[Work to be completed]: Apart from the pictures, please restate every entry below exactly.

[Extracted entries]:

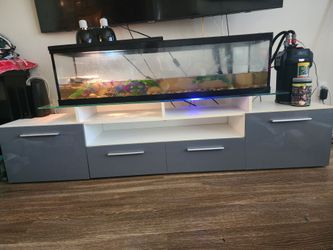 Fish tank 40 gallons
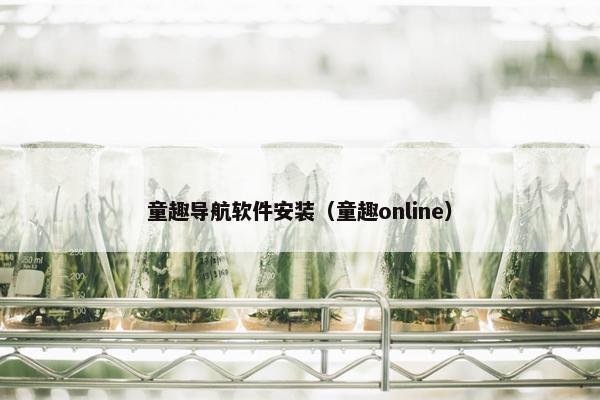 童趣导航软件安装（童趣online）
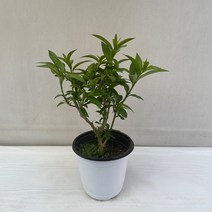 야래향 실내공기정화식물 반려식물 플랜테리어 온누리꽃농원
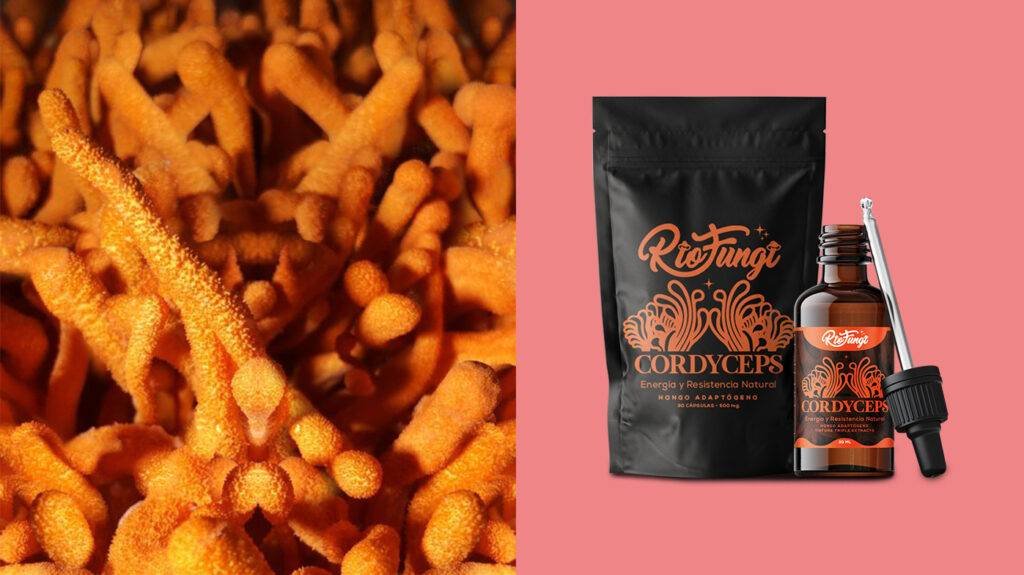 cordyceps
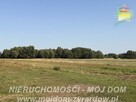 Działka rolno-budowlana Aleksandria gm. Puszcza Mariańska - 9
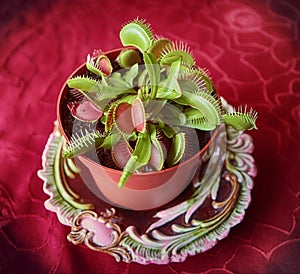 Venus flytrap Dionaea muscipula carnivorous houseplant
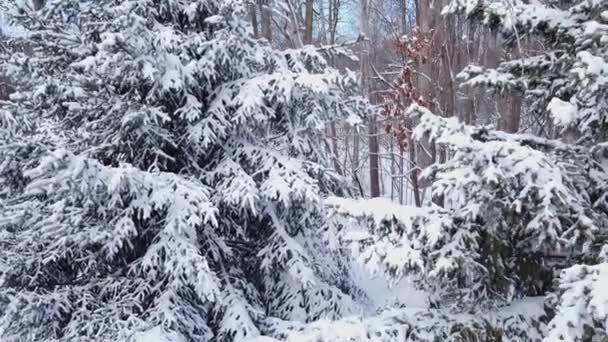 太い雪に覆われたモミの木のクローズアップビデオで他の木を明らかにします — ストック動画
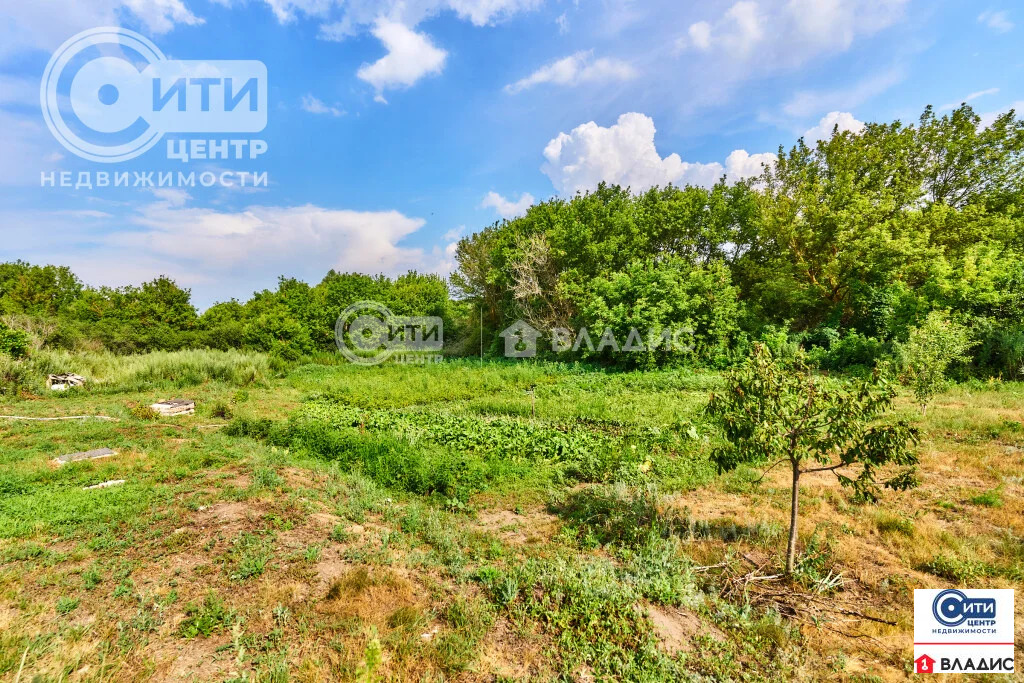 Продажа дома, Аношкино, Лискинский район, ул. Конечная - Фото 14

[Exercise response]:
 Fish tank 40 gallons
 童趣导航软件安装（童趣online）
 야래향 실내공기정화식물 반려식물 플랜테리어 온누리꽃농원
 cordyceps
 Działka rolno-budowlana Aleksandria gm. Puszcza Mariańska - 9
 Venus flytrap Dionaea muscipula carnivorous houseplant
 太い雪に覆われたモミの木のクローズアップビデオで他の木を明らかにします — ストック動画
 Продажа дома, Аношкино, Лискинский район, ул. Конечная - Фото 14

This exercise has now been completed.